Involvement of the mitochondrial permeability transition in gentamicin ototoxicity.

Aminoglycosides may induce irreversible hearing loss in both animals and humans. In order to study the nature and mechanisms underlying gentamicin-induced cell death in the inner ear, the cochlear neurosensory epithelia were dissected from guinea pigs and incubated with 0.5-10 mM gentamicin. Concentration-dependent loss of cell viability was detected by the inability of damaged cells to exclude propidium iodide. Outer hair cells were most sensitive towards gentamicin toxicity, followed by inner hair cells whereas Deiters and Hensen cells were not affected by the gentamicin concentrations used. The iron chelators 2,2'-dipyridyl and deferoxamine provided partial protection against gentamicin-induced hair cell death while the calcium chelator Quin-2 AM had no effect.

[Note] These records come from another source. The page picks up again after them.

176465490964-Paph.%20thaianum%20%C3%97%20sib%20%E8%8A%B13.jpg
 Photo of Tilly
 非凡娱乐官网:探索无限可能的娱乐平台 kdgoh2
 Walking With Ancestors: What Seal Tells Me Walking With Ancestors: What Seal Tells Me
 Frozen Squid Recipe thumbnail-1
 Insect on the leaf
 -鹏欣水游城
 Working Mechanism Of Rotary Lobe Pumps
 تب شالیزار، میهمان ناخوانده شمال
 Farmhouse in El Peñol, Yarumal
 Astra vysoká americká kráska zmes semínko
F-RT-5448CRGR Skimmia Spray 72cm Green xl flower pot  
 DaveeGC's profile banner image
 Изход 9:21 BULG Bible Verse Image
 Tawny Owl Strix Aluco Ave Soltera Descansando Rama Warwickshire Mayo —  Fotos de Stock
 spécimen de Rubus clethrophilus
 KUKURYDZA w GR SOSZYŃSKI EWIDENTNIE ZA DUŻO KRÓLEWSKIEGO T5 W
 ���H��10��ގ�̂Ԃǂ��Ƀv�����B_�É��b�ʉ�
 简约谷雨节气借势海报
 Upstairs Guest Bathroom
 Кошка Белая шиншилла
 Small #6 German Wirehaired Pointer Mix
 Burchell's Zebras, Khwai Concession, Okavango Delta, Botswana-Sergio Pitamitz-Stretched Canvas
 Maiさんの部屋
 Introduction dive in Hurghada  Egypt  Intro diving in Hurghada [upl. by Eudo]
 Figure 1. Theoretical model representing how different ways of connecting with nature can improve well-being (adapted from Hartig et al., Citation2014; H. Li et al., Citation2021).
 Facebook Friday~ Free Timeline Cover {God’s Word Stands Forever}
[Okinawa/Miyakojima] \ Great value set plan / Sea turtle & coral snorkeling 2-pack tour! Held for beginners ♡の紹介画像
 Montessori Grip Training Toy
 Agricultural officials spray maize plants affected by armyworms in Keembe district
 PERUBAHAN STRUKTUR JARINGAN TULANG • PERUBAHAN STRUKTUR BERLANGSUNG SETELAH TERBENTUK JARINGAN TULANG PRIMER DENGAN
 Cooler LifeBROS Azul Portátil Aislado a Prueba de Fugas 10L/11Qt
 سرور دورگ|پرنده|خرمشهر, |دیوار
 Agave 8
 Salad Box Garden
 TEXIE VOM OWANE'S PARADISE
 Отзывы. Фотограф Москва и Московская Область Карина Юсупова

Gentamicin (0.5-1 mM) induced condensation of chromatin typical for apoptosis. Using the fluorescent dye tetramethyl-rhodamine methyl ester and laser scanning microscopy we could visualize a loss of the mitochondrial membrane potential in damaged outer hair cells about 1 h before cell death occurred. Cyclosporin A, an inhibitor of the mitochondrial permeability pore, provided partial protection against gentamicin toxicity. This strongly suggests an involvement of the mitochondrial permeability transition in gentamicin-induced apoptosis.